Born 1951, British (and since 1996 also Dutch). Studied mathematics at University of Cambridge (1970-1973) followed there by Diploma of Statistics (1973-1974). Worked 1974-1988 at Mathematical Centre Amsterdam (later became CWI). PhD in 1979 with thesis Censoring and Stochastic Integrals. I spend Autumn 1980 at the Statistical Research Unit, University of Copenhagen. This led eventually to our book The Weight-lifters Guide to Counting Processes (ABGK), published by Springer. From 1983 I was head of the department of mathematical statistics at CWI. Around this time I was also special professor at Leiden University. In 1988 I moved to the department of mathematics, University of Utrecht (chair in Mathematical Stochastics). 1992 to 1996 I was scientific secretary of the Bernoulli Society for Mathematical Statistics and Probability, and Editor-in-Chief of Statistica Neerlandica. 1995 to 1998 I was department chairman in Utrecht. In the academic year 1998-1999 I took a sabbatical (Perth and then Eurandom). Around this time I was elected a member of the Dutch Royal Aacdemy of Sciences. I'm very proud of my Saint Flour Lecture Notes on Survival Analysis. It was very great fun to be Program Chairman of the ISI conference in Seoul. In the Spring Semester of 2003 I was on sabbatical in Greifswald, Germany. From July 1, 2006, I have moved to the department of mathematics at the University of Leiden (chair of Mathematical Statistics). In the Autumn of 2006 I'm on on sabbatical at the University of Aarhus, Denmark.

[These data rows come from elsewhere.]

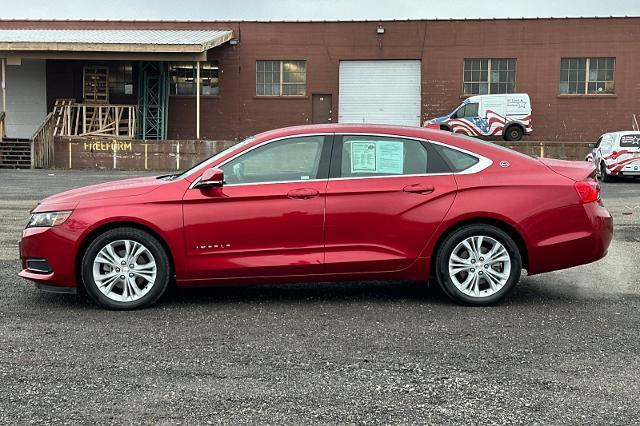 2014 Chevrolet Impala Vehicle Photo in SPOKANE, WA 99202-2191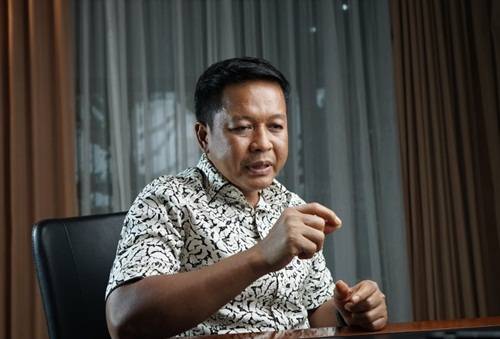 Muryanto Amin : Megawati Tokoh Indonesia yang Sangat Konsisten Menerapkan Demokrasi
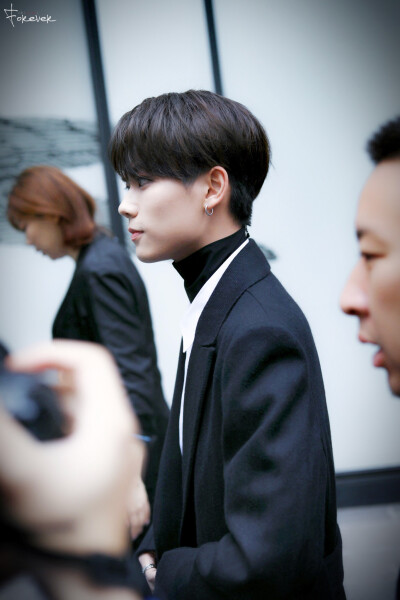 林彦俊
纽约时装周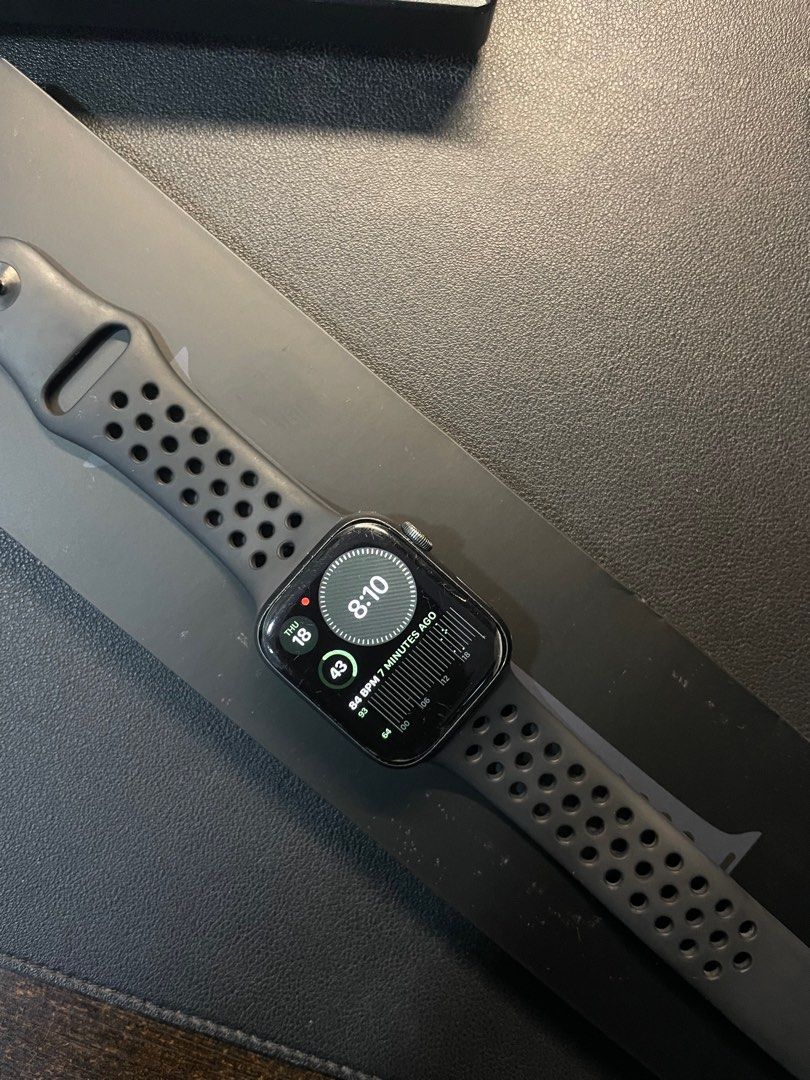 Apple watch store s4 44m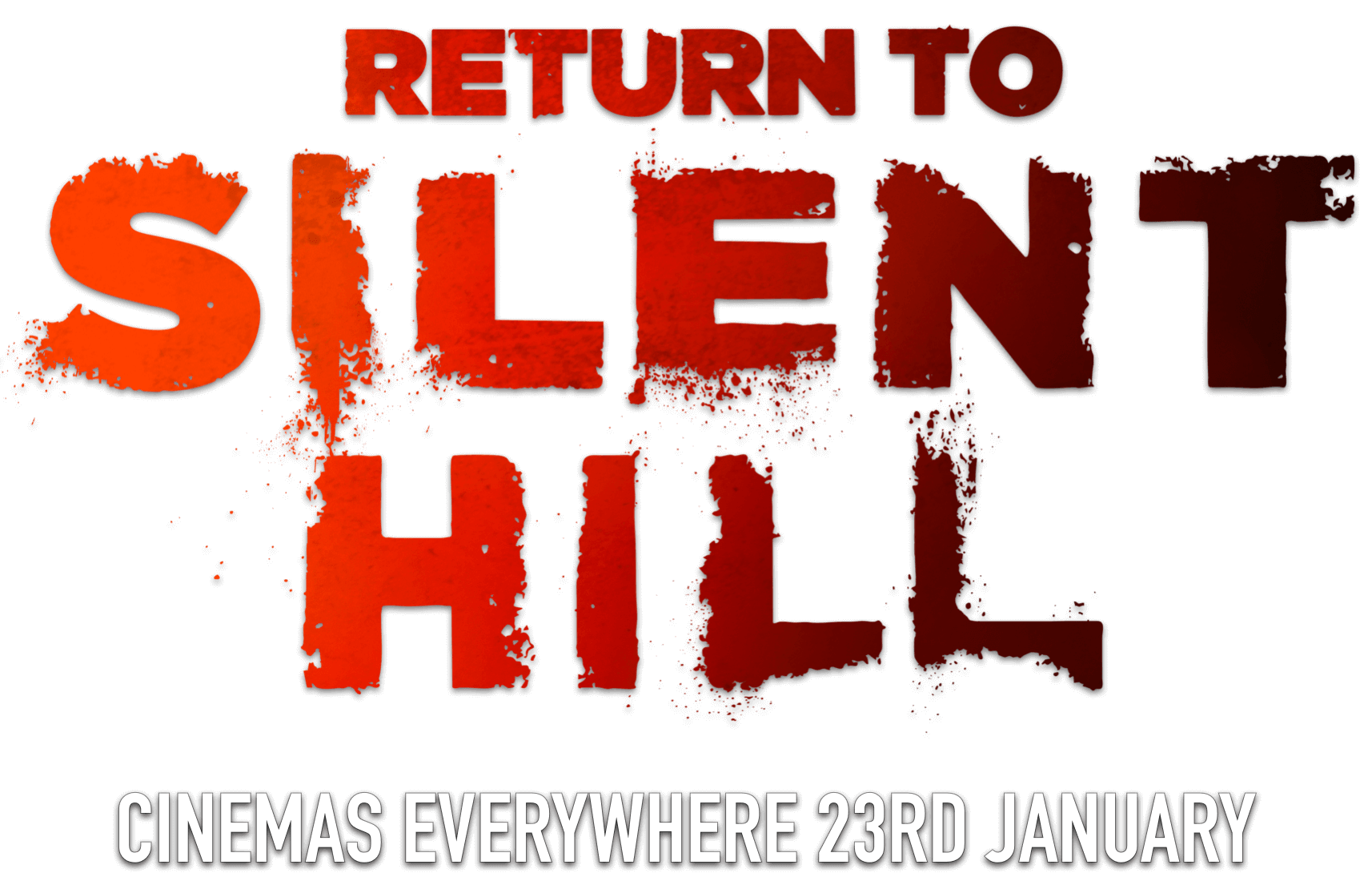 Title or logo for Return to Silent Hill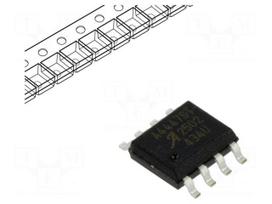 PMIC | DC/DC converter | Uin: 8÷50VDC | Uout: 0.8÷24VDC | 2A | SO8-EP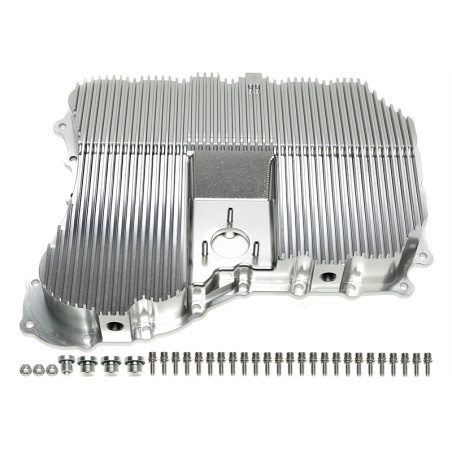 coppa olio alluminio per Audi A3 RS3 (8V), Audi TT-RS (8S) (Cod. T-92AU002)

My research interests are in biostatistics, genetics, survival analysis, semiparametric models, causality, machine learning, statistical image analysis, and quantum statistical information. I am fascinated by foundational aspects of statistics, probability, and quantum physics.

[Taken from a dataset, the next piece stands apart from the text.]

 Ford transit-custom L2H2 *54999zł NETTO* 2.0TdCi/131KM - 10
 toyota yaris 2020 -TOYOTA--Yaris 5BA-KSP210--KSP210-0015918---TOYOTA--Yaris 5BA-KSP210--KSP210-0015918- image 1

The field of quantum information (the most revolutionary part of nano-science) exposes the stochastic (random) nature of quantum physics. The interaction between the real world we live in and the quantum world "behind the scenes" is not deterministic. In my work I apply ideas and methodology from probability and statistics to experimental and technological problems in quantum science (reconstruction of quantum states and operations; experimental proof of quantum non-locality, ...).

I see fantastic challenges in the new biosciences for probability and statistics, and I'm especially interested in statistical problems of forensic DNA profiling, where I believe fundamental ideas from stochastic genetics need to be applied to take account of statistical dependence in marker genes when genetic profiling is applied to real human populations.

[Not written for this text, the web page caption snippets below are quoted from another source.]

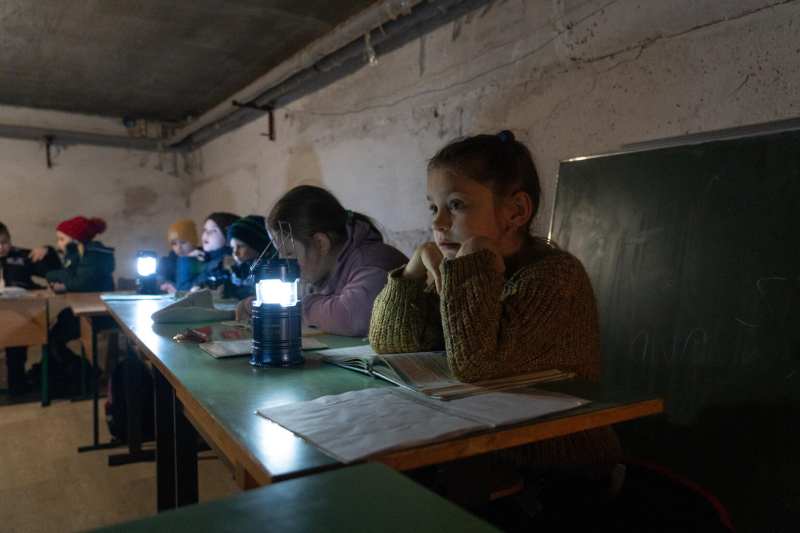 Czego potrzebują dzieci po 2 latach wojny w Ukrainie?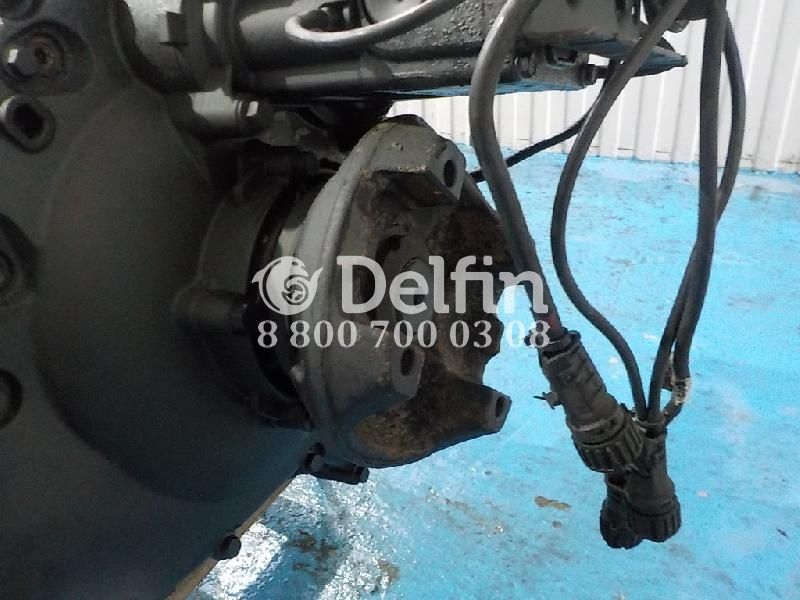 2292421 Коробка передач в сборе OPC5 GRS905 Scania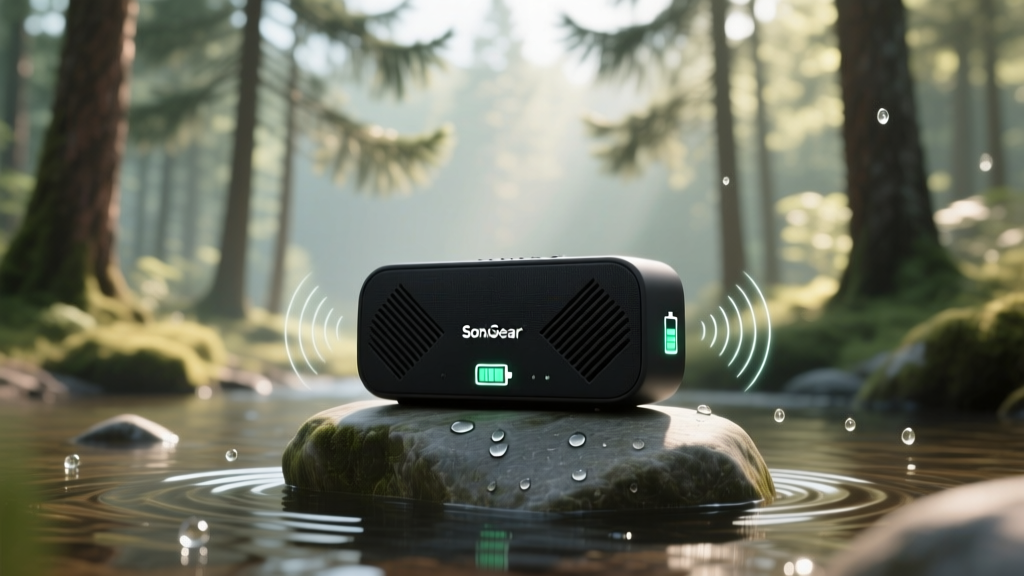 How Do Outdoor Bluetooth Speakers Work? The Truth Behind Waterproof Claims, Battery Life Myths, and Why Your Backyard Sound Fails (Spoiler: It’s Not Just Bluetooth)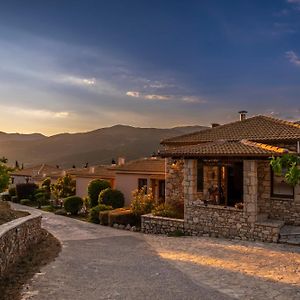 Finday Eco Boutique Hotel Kalavryta Exterior photo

Presently I consider myself a Rabid Pragmatist as far as statistics is concerned, a neo-Laplacian frequentist regarding probability, and I espouse a radical neo-Copenhagen view on quantum physics (the past is particles, the future is a wave).

I am married to Sophia Hoffstädt; we have two sons Paul, (b. 1977), Peter, (b. 1980), and one daughter, Arike (b. 1983). We usually live with three chickens; their predecessors the cyberchicks Ruth, Rachel and Rebecca are immortalised on internet. During the summer our roof is inhabited by swifts. We also have many other creatures in and around the house (bats, newts, frogs, hedgehogs, ...)

My hobbies are walking and hiking, cycling, bird-watching, music, art, reading, indoor-climbing, cmpjooters, philosophy religion and history,...

Favourite books: The Shipping News by E. Annie Proulx; The God of Small Things by Arundhatti Roy; Into Thin Air by Jon Krakauer + The Climb by Anatoli Boukreev; Tale of Genji by Murasaki Shikibu; The Mahabharata; The Leopard (il Gattopardo) by Giuseppe di Lampedusa; Gulag Archipelago by A.N. Solzhenitsyn.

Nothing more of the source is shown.